In the face of devastating hurricanes in the United States and typhoons in China, it’s no wonder that many are discussing how to best cope with natural disasters. Coastal cities, most frequently in harm’s way, are exploring avenues to increase resiliency, as well as how to more quickly restore storm-impacted ecological systems.
Earlier this month, Landscape Architecture Frontiers (LAF) hosted a launch event for its recent issue, “Coastal Landscape,” along with an exhibition sponsored by IVM (L’Institut pour la Ville en Mouvement en Chine) and the French Embassy in China. The event featured discussions with practitioners from Sasaki, OLIN, and McGregor Coxall. The event was broadcast live to several thousand viewers across China.
As a speaker at the event, Sasaki Senior Associate Ming-Jen Hsueh, ASLA [pictured below], shared his personal observations on growing up in coastal cities, as well as his project experiences in dealing with environmental issues and Sasaki’s philosophy on coastal resiliency. Hsueh discussed several complex issues, from resiliency implementation strategies to the impacts of global storms, peppering these issues with tangible stories and precedents.

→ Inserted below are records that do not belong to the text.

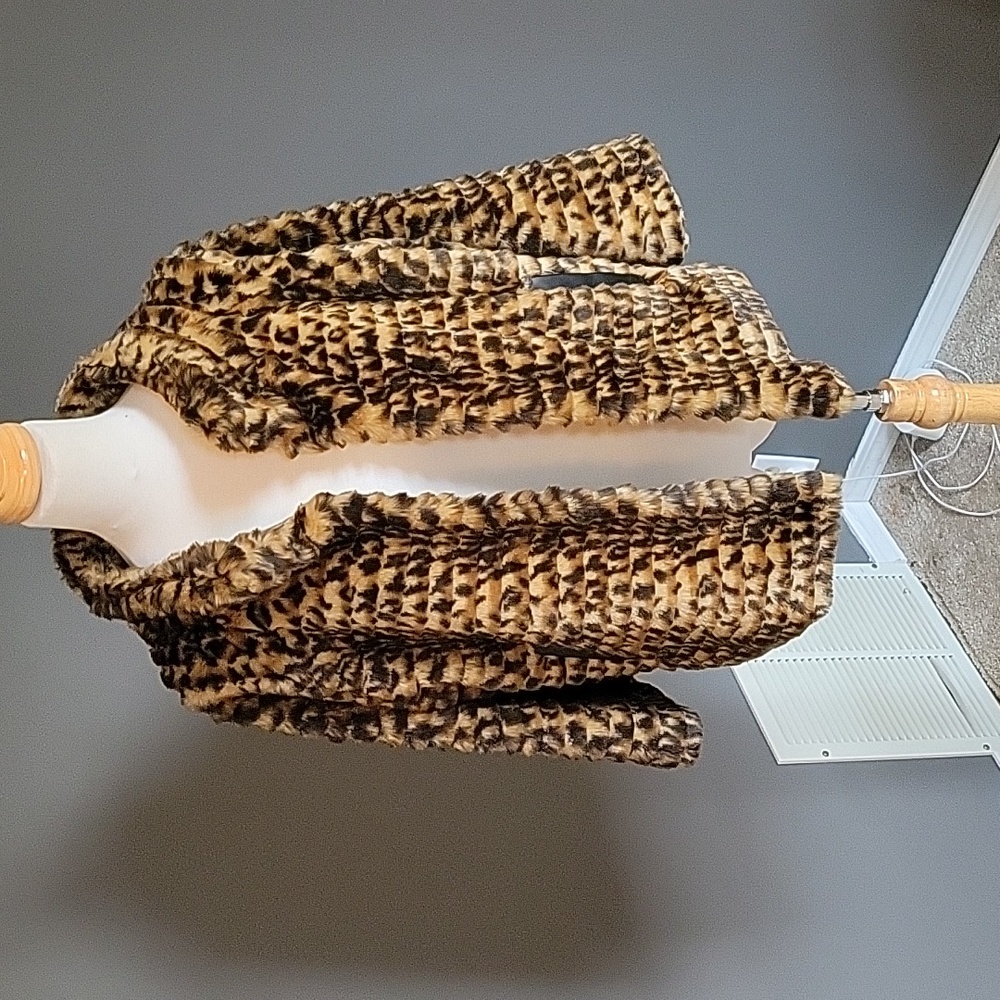 7 For all Mankind Faux Cheetah Fur Jacket Size Small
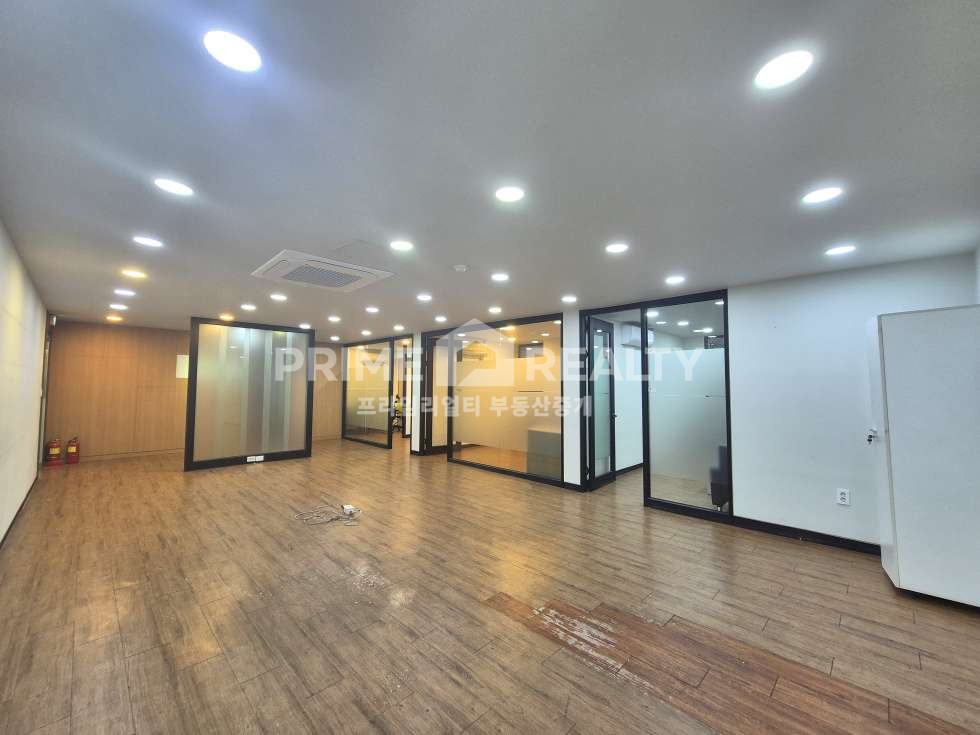 서울 강남구 논현동 강남구청역 사무실 임대│룸2+홀 구조│채광 좋은 깔끔 사무실 월세 매물번호 10186 사진 10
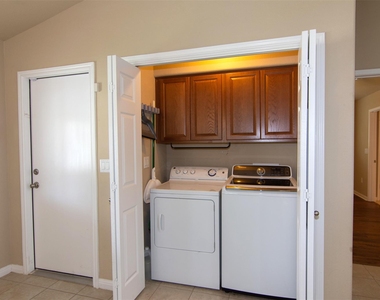18405 Tall Grass Prairie Dr - Photo Thumbnail 16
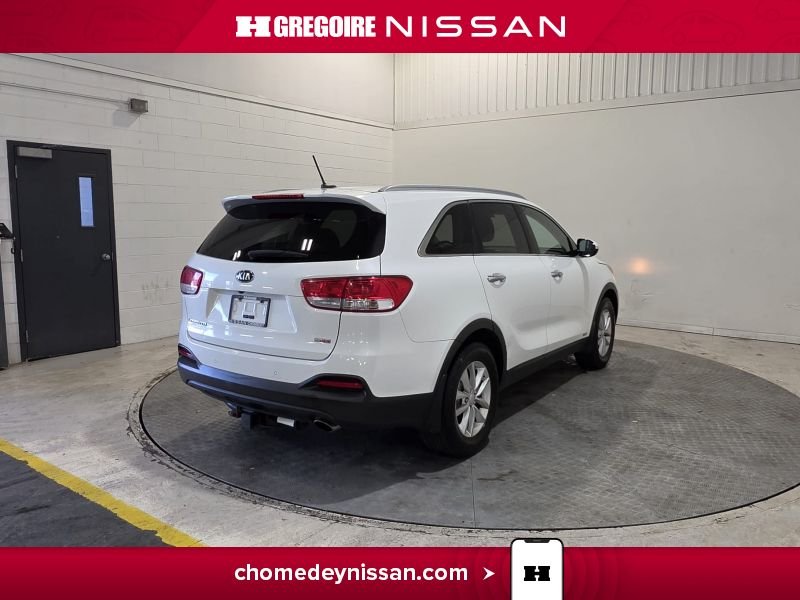 2016 Kia Sorento White Laval - photo #8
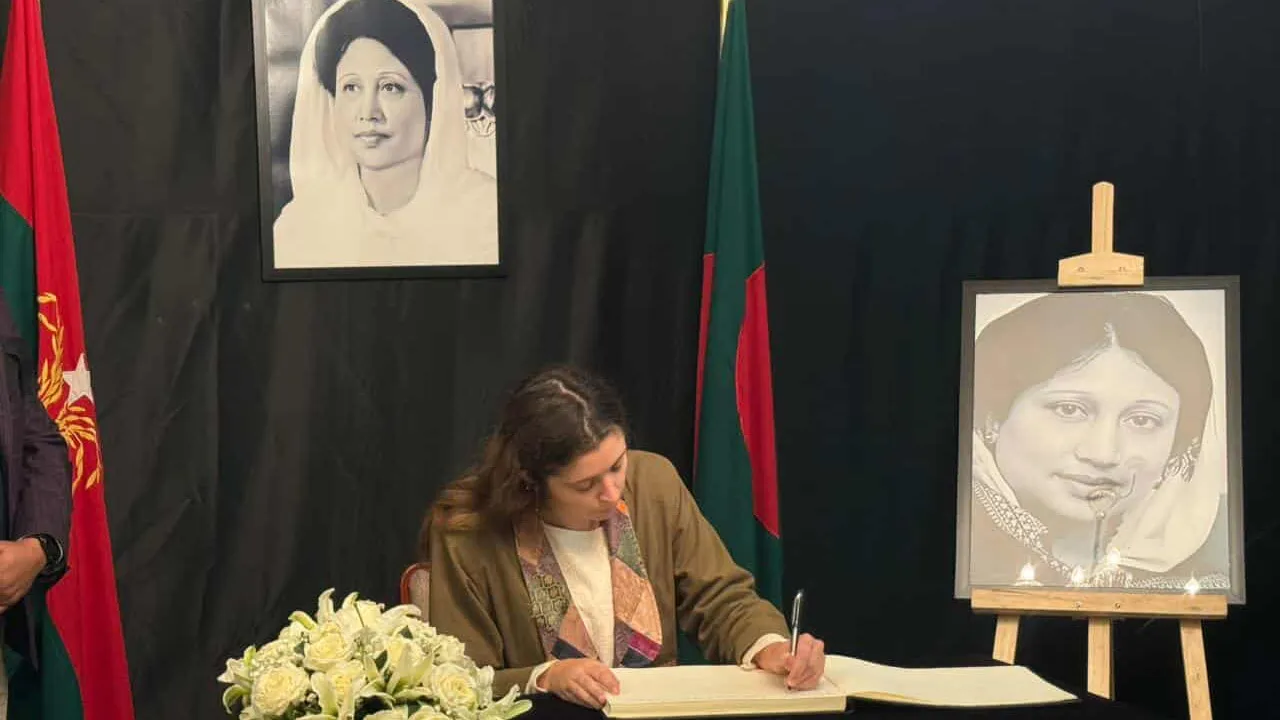 বিভিন্ন দেশের প্রতিনিধিদের শোক বইয়ে স্বাক্ষর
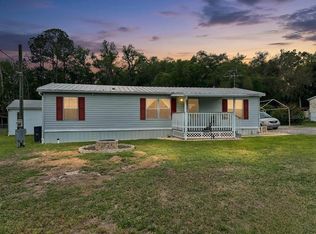 18400 SE 90th Ln, Ocklawaha, FL 32179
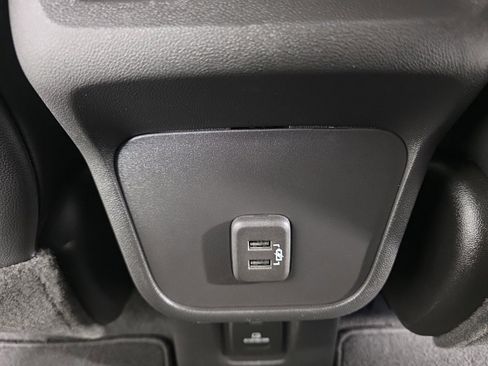 Used 2021 Chevrolet Equinox Premier image 37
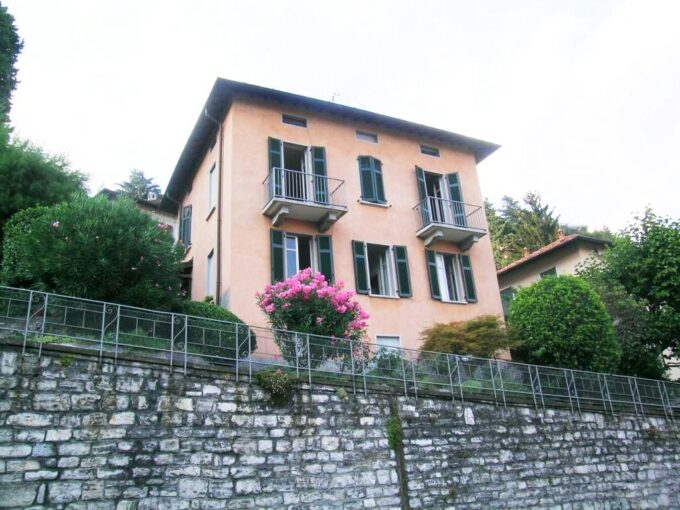 Como town villa with garden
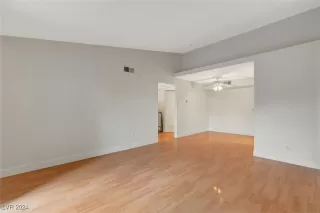 Photo #3: 2614070 Listing 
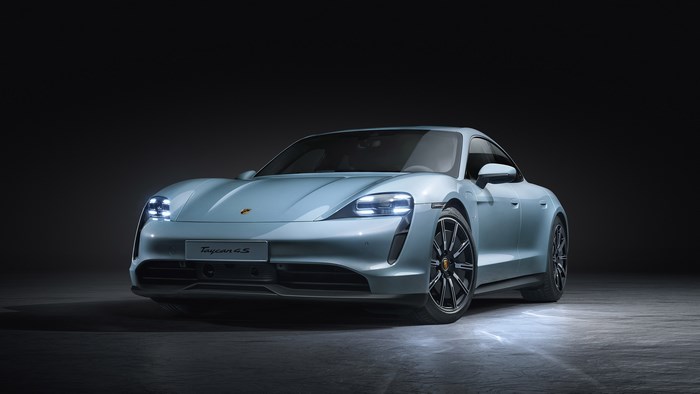 Porsche Taycan 4S 4K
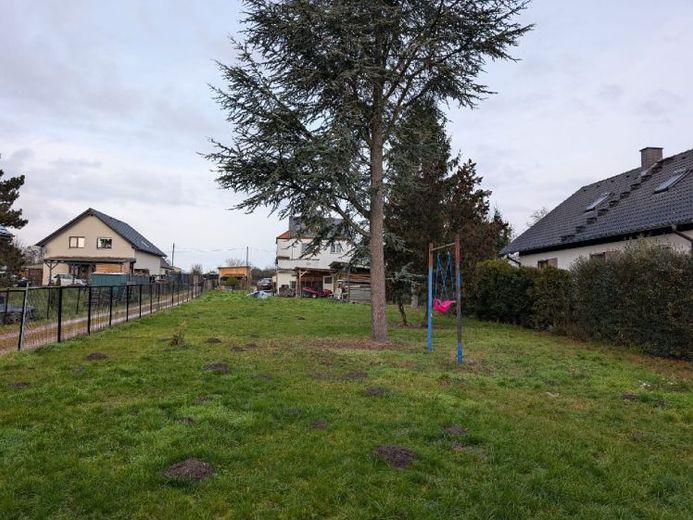 Einfamilienhaus mit großzügigem Grundstück und Entwicklungspotenzial – Foto 1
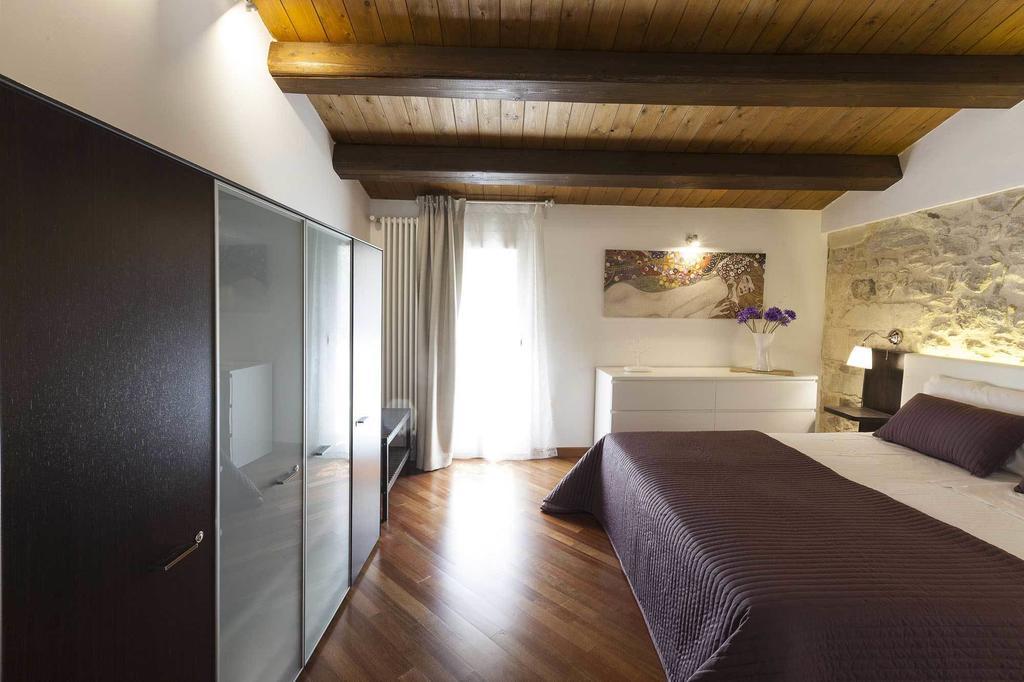 דירות רגוזה Casa Hybla חדר תמונה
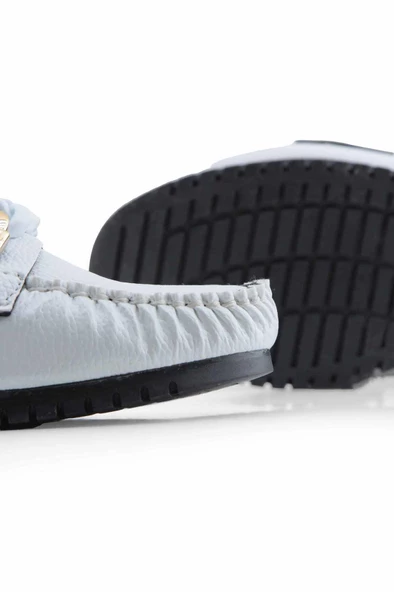 Beyaz zincir aksesuarlı rok kadın loafer ayakakbı - Resim 4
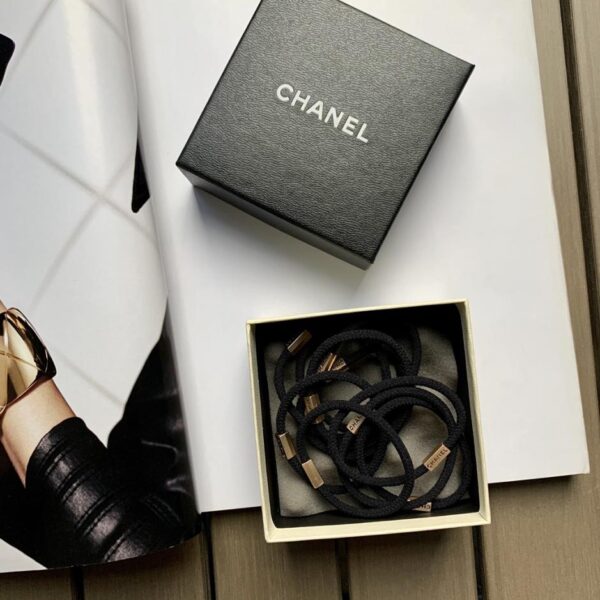 replica,repliche,fake,1:1,earrings,bracelet,ring,jewelry (10 pezzi) Elastici per capelli Chanel New Metal Label Classic Black High Elastic Durable 10 pezzi/scatola (6K55S)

Sasaki Principals Gina Ford, ASLA, and James Miner, AICP, also contributed an article about the master plan for Alabama’s Gulf State Park in the latest issue of LAF. The strategic framework for the 6,150-acre park in coastal Alabama offers a new model for addressing increasingly complex environments. “In the framework, we offered up lessons learned from the planning and implementation process—which happened concurrently on Gulf State Park,” says Ford. “This unique circumstance allowed for an innovative process that serves as a new "adaptive" planning model consistent with the dynamism of the site itself."